Willingness to play the game

An article by
L. Ron Hubbard
excerpted from the Anatomy of the Spirit of Man Congress lectures.

Did it ever strike you that life at large could be as much fun, on its broadest scale, in the fullest definition of a nice football game? There could be as much enthusiasm to even the small, mundane, ordinary things as there might possibly be to playing a very exhilarating game? It's almost far-fetched, isn't it, to think that talking to one's fellow man and engaging in cashing a check and doing this and doing that could be a continuous, exhilarating experience, even though it wasn't big and huge and dramatic. ...

It isn't the amount of motion or action, it isn't the stake, it isn't the grandeur of the trappings that make a game. It's the willingness of those about us to play a game which makes a game. And when we lose sight of that, we lose the game and life becomes a serious, onerous, arduous, dog-eat-dog endeavor.

And the degree that people are unwilling to play the game in this society is measured by the number of handcuffs, the number of jails, the number of hospitals and institutions and the number of laws.

Now, it takes a few laws to make a game. You'll always have to have some barriers and restrictions to make a game. But when you get too many, you get no game, except this game: the game of making more laws that will make more laws necessary. And that’s a game for attorneys, but not for citizens.

Now, wherever we look, then, and find people miserable or unhappy or believing that they could not possibly survive or have a good time, all we’re looking at is a community which is composed, in the majority, of people who cannot play a game and will not let other people play one.

Now, that's—that's an interesting thing. If we want to classify and qualify the last stages of psychosis, it would be "no game anywhere with nobody and that's that—period." ...
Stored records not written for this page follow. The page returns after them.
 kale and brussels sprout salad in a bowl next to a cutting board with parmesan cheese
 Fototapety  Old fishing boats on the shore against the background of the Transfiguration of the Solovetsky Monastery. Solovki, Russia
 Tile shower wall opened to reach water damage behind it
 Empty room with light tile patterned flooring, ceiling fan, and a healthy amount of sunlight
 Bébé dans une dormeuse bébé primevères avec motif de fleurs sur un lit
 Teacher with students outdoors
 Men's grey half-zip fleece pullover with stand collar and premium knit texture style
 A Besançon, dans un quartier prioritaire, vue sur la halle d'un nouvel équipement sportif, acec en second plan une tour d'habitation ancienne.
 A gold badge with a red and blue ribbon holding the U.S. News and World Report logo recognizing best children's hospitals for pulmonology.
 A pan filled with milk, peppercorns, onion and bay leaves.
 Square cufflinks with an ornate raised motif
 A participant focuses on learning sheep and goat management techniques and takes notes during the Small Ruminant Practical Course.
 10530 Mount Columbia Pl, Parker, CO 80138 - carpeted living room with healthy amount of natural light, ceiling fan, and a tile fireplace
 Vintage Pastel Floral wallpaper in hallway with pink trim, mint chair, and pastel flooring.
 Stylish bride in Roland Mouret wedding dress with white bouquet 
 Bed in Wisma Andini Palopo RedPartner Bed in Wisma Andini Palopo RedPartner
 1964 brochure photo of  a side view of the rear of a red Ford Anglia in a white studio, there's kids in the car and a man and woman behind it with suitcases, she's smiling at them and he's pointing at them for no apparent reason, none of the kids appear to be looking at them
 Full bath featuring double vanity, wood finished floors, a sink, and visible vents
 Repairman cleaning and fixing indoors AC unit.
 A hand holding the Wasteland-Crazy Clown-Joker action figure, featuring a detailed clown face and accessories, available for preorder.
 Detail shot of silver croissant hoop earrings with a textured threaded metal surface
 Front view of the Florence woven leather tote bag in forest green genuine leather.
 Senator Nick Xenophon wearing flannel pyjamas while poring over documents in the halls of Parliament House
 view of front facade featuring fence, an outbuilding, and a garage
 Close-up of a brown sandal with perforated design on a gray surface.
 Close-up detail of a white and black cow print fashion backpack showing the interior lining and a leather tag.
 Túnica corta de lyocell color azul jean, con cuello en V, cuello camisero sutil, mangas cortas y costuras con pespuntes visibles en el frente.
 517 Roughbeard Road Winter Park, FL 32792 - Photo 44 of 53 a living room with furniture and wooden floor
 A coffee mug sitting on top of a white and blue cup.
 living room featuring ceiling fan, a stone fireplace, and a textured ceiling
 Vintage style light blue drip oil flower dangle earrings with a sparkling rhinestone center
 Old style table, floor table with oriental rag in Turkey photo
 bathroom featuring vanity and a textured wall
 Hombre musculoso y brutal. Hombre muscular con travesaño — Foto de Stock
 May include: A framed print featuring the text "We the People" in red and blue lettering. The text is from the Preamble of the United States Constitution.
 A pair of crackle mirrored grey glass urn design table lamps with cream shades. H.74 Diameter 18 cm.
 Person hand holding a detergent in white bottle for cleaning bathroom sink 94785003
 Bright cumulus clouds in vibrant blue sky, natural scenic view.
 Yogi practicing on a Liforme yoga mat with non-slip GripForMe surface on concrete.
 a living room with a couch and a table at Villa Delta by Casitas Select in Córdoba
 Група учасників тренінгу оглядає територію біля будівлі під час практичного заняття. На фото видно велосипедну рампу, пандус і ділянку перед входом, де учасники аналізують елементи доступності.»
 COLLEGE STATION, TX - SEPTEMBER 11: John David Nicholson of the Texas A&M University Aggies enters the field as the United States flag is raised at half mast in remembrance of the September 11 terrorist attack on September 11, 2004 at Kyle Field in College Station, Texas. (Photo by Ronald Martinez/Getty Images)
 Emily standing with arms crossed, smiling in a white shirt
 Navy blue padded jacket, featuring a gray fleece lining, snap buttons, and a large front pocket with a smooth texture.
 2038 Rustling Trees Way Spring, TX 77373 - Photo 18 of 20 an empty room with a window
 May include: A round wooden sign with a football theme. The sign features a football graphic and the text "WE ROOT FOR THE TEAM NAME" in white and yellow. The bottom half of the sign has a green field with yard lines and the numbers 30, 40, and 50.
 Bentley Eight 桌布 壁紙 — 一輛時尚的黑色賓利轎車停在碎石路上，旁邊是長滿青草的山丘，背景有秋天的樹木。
Now, the last stages of exit is simply "no game." And when we get duress and punishment all out of proportion to the communication necessary to continue a game, we get no game.

Well now, some people may believe that there is a game in going around and shooting, arresting, fighting, drawing people up in battalions and firing by volley, or playing catch with atom bombs between one agency in Washington and another agency in Russia, but there aren’t very many participants to this game, are there? There's no slightest chance for the average citizen to participate in a game called atomic warfare—no slightest chance. They haven't even got a good civil defense outfit that you could join, you know? ...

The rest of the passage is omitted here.